If one of your parents graduated from college, you have probably heard stories about “When I was in school…”
Advice from someone who has been through the process before can be insightful and valuable. But it is also important to consider how your college admissions experience may differ from what your parents’ experience was like in 1995 or before then.
The landscape of college admissions is constantly evolving, and events like the COVID-19 pandemic are affecting how colleges will examine applications in the near future. However, taking the time to thoroughly research each college’s unique differences can help you adequately prepare for the college of your dreams.

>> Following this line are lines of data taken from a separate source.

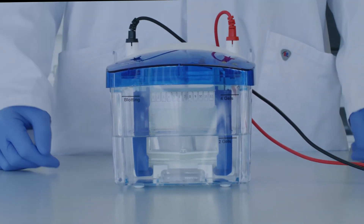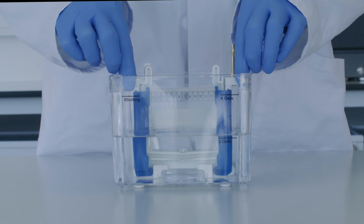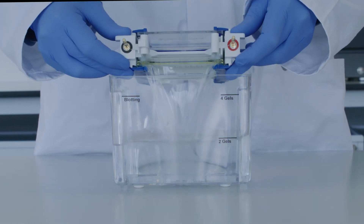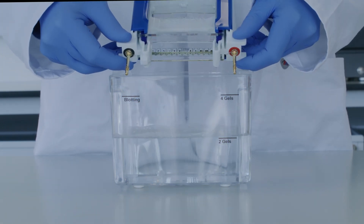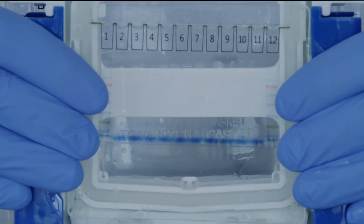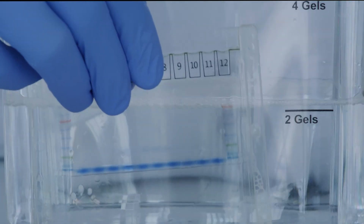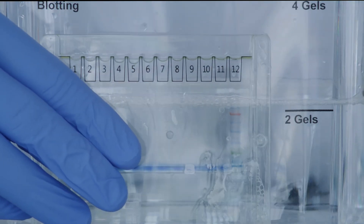Lift up the inner electrophoresis chamber and pour out the running buffer. Slide the side clip fasteners open and remove the GIL cassettes. You can now remove the GIL from the GIL cassette and continue with the next application, such as Coomassie staining or Western blotting.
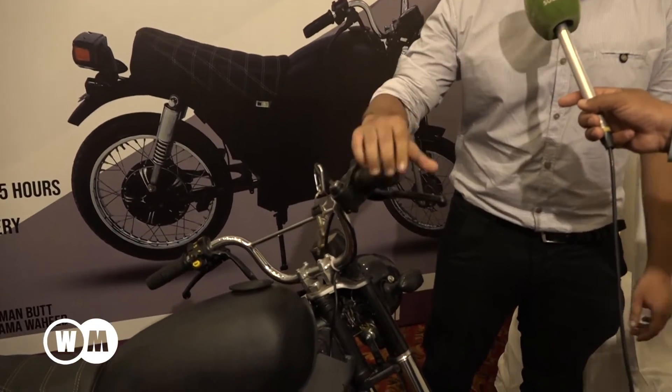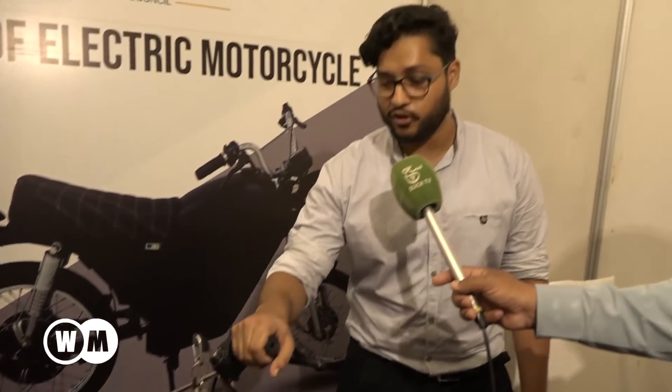We have the ignition here. We press the throttle, and the rear wheel moves. With the ignition on, the bike will move and it will be done.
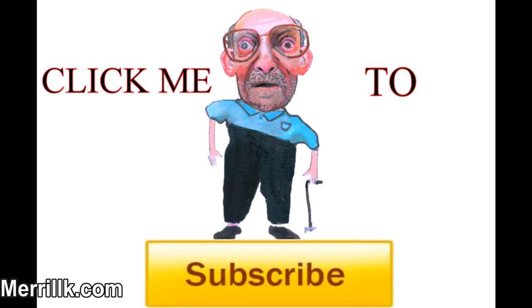I hope that you enjoyed this video and that what I said was helpful to you. If it was, please subscribe. Thank you.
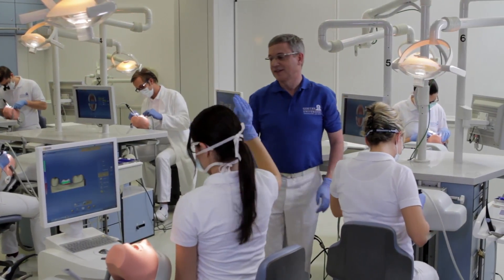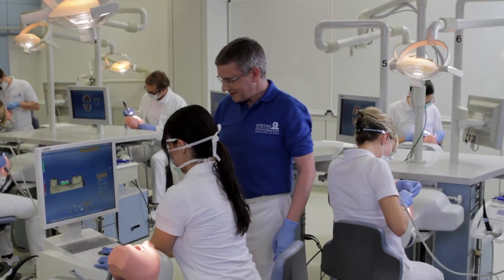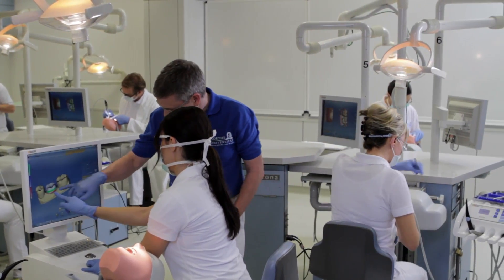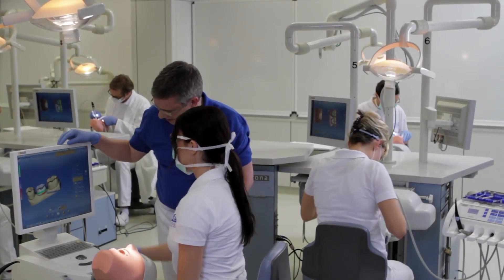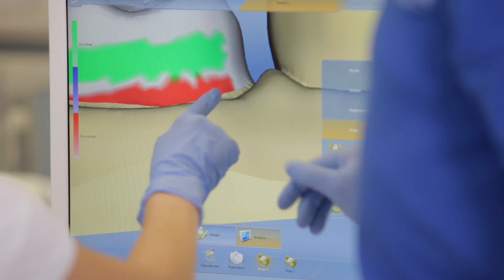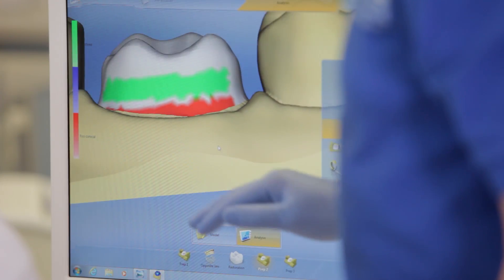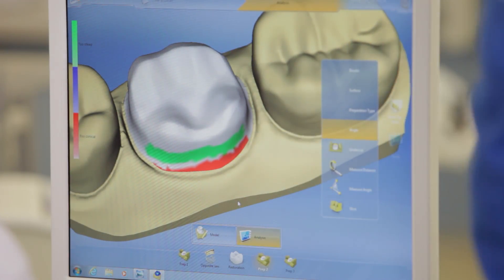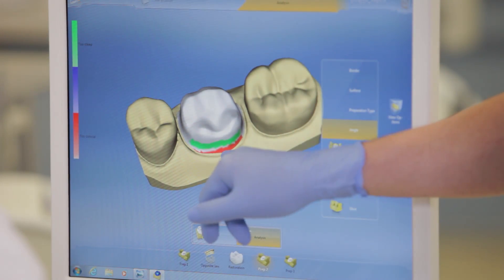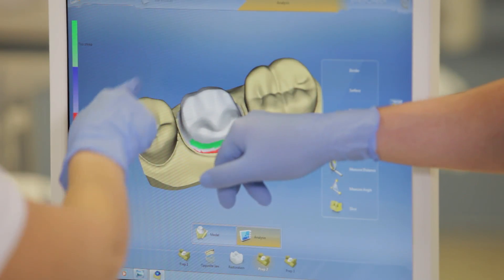Thanks to the mobility of CEREC AC, PrepCheck can easily be switched from one workplace to another. The analytical functions are easy to understand and allow for fast and objective assessment of working results. PrepCheck's documenting ability allows us to access all preparation analyses and results at any time, meaning that all evaluations can also be reliably reproduced at a later stage.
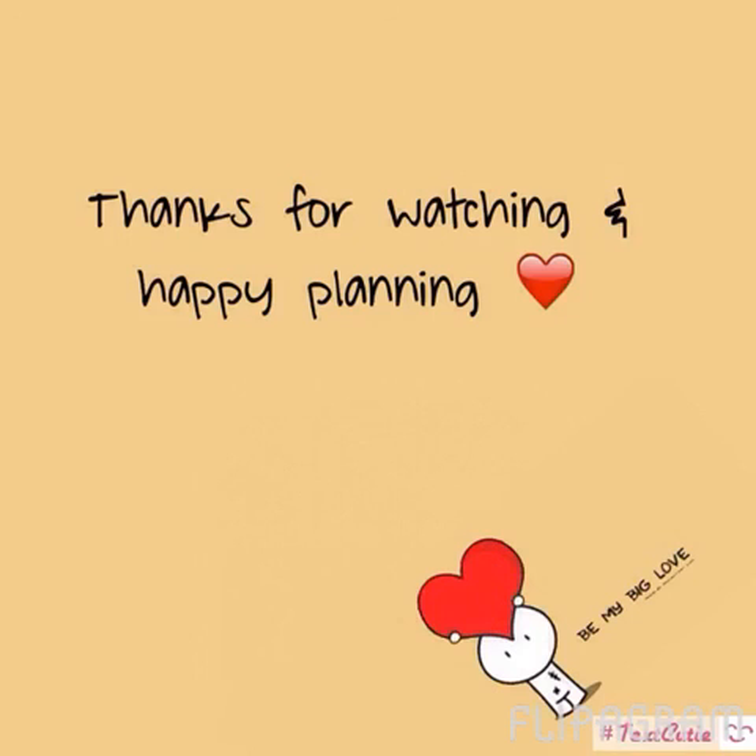All right, guys. So that's it. I am all set and ready to take on 2016. I hope that you are, too. Thanks for watching and happy planning — I'll talk to you guys soon.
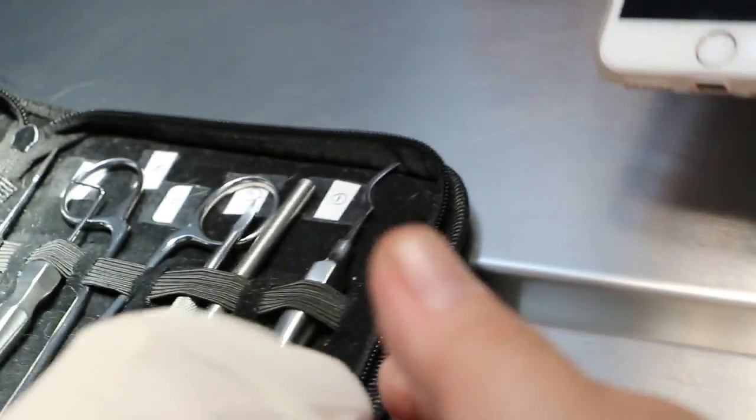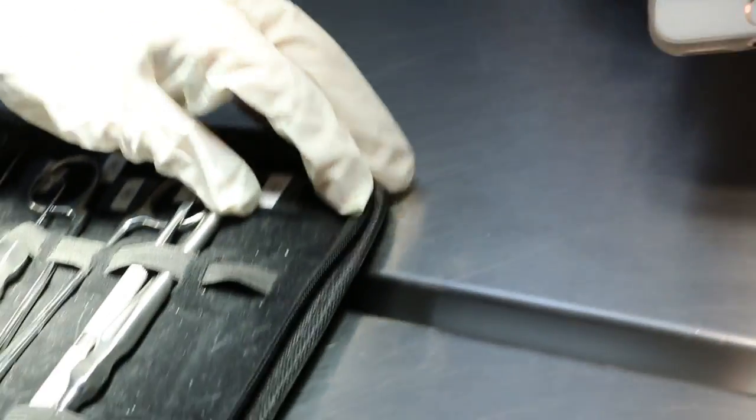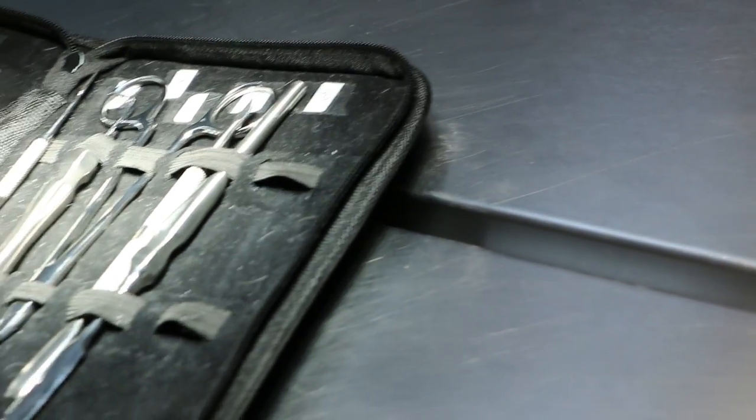Now we open up to show the use of each individual instrument.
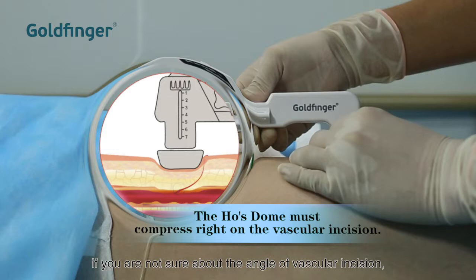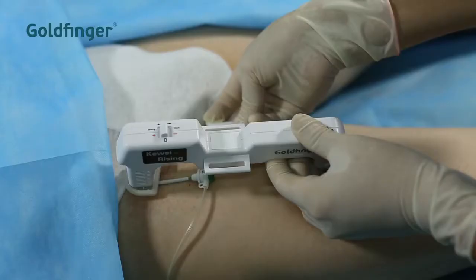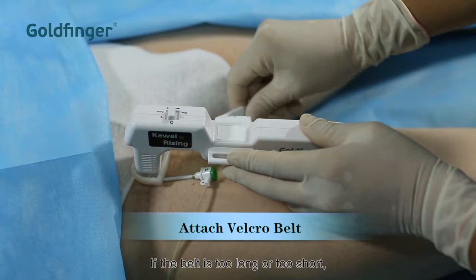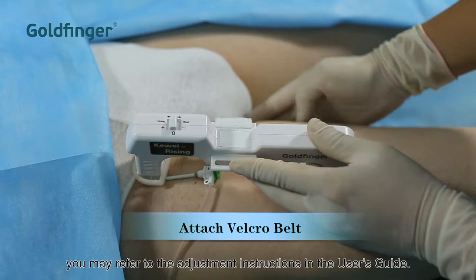If you are not sure about the location of the vascular incision, consult the person who made the incision. Attach the Velcro belt to both sides. If the belt is too long or too short, you may refer to the adjustment instructions in the user's guide.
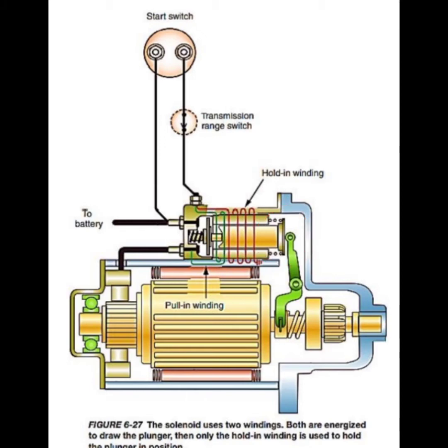Plunger movement also operates the shift lever, engaging the pinion with the ring gear. The plunger contacts the switching pin, which transfers the motion through a contact spring to a moving contact, which then bridges the main terminals. This allows a large current to flow from the battery through the starter motor windings, causing armature and pinion rotation, and rotation of the engine crankshaft.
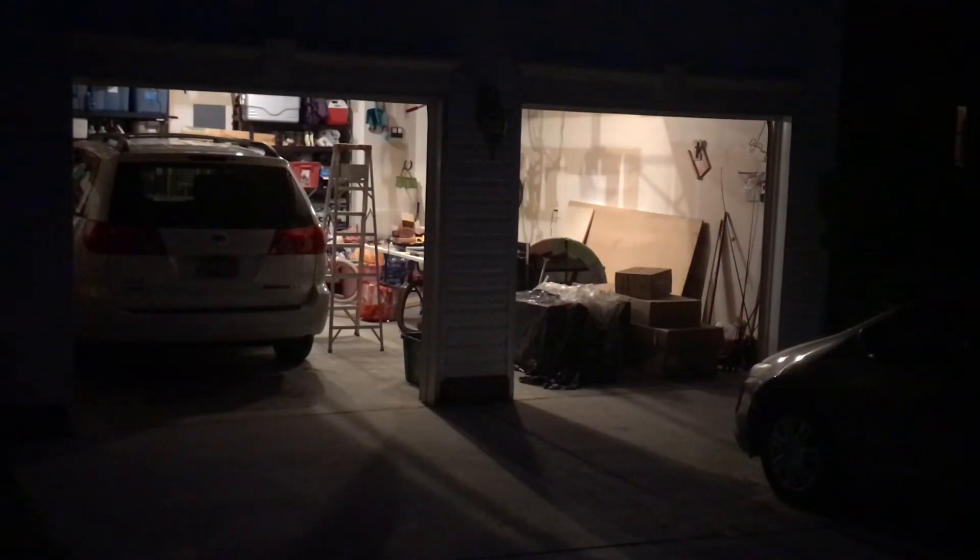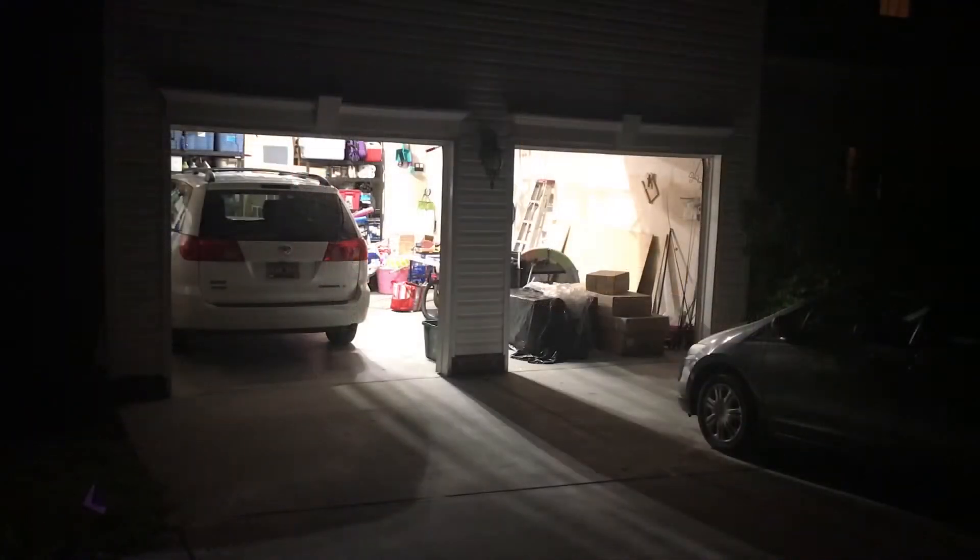Here's the view with the doors up at night with the old light bulbs. And here is the result with the new lights put in — I'm happy with it, very very bright in there now.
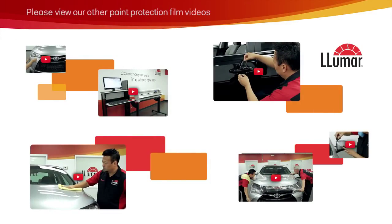To learn more about Lumar paint protection film installation, please check out the other videos in this series.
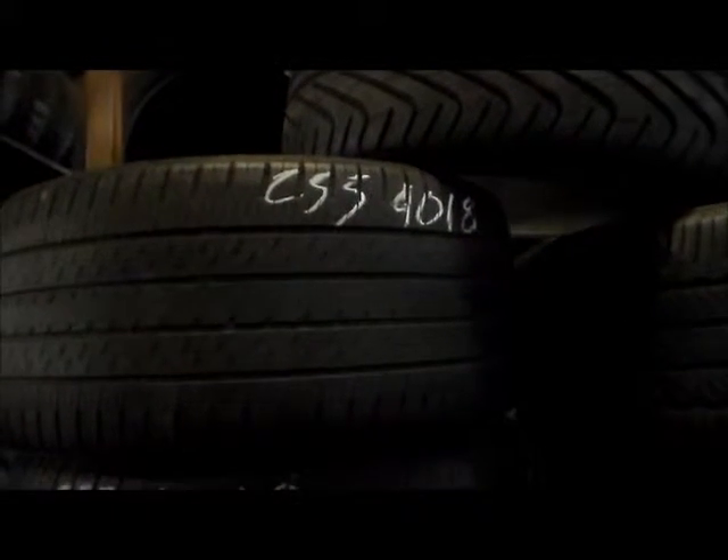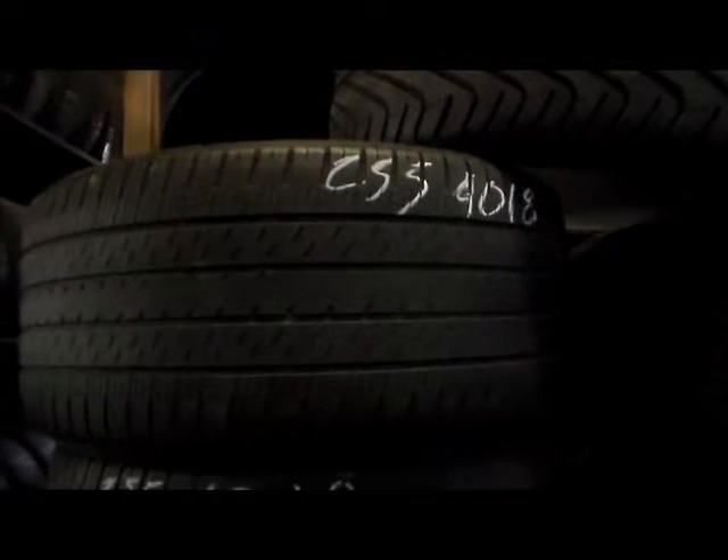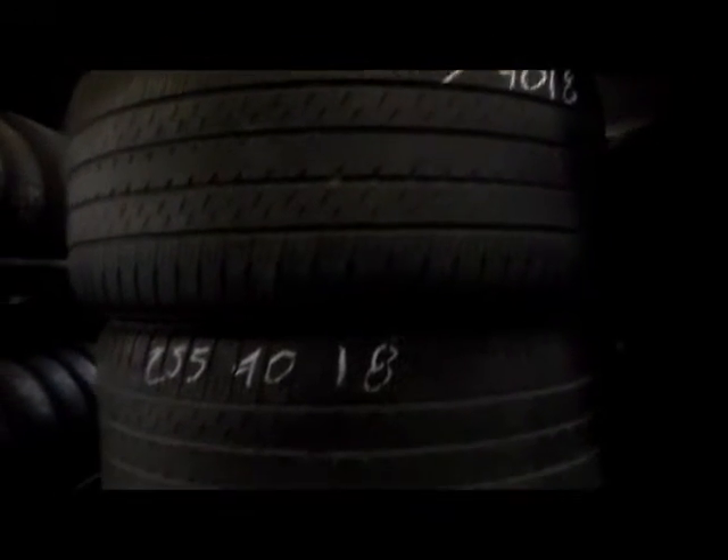If you are looking for 255 x 40 x 18, we have them in all brands, all sizes. Our quality is phenomenal, best in the country. Just look at that tread, ladies and gentlemen, and shop online by all means.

In this post, we go over 10 ways college admissions has changed over the last 25 years and provide insight for how to strengthen their college applications. We will also share how COVID-19 has impacted college admissions for the college class of 2024 and beyond.
10 Ways College Admissions Has Changed
1. Lower Acceptance Rates at Competitive Colleges and Universities
More young adults than ever attend college today. Between 1970 and 2017, the undergraduate enrollment in United States colleges more than doubled. By October 2019, about 66 percent of American high school graduates enrolled in colleges or universities.
In fact, the competition for acceptance to elite colleges is fiercer than ever. Highly competitive colleges like Harvard, Yale, and Stanford have seen a dramatic increase in the number of applications received, resulting in an overall lower admittance rate.
For example, the acceptance rate for Harvard’s 1995 freshman class was 11.8 percent; for this year’s incoming freshmen, the acceptance rate was 4.92 percent.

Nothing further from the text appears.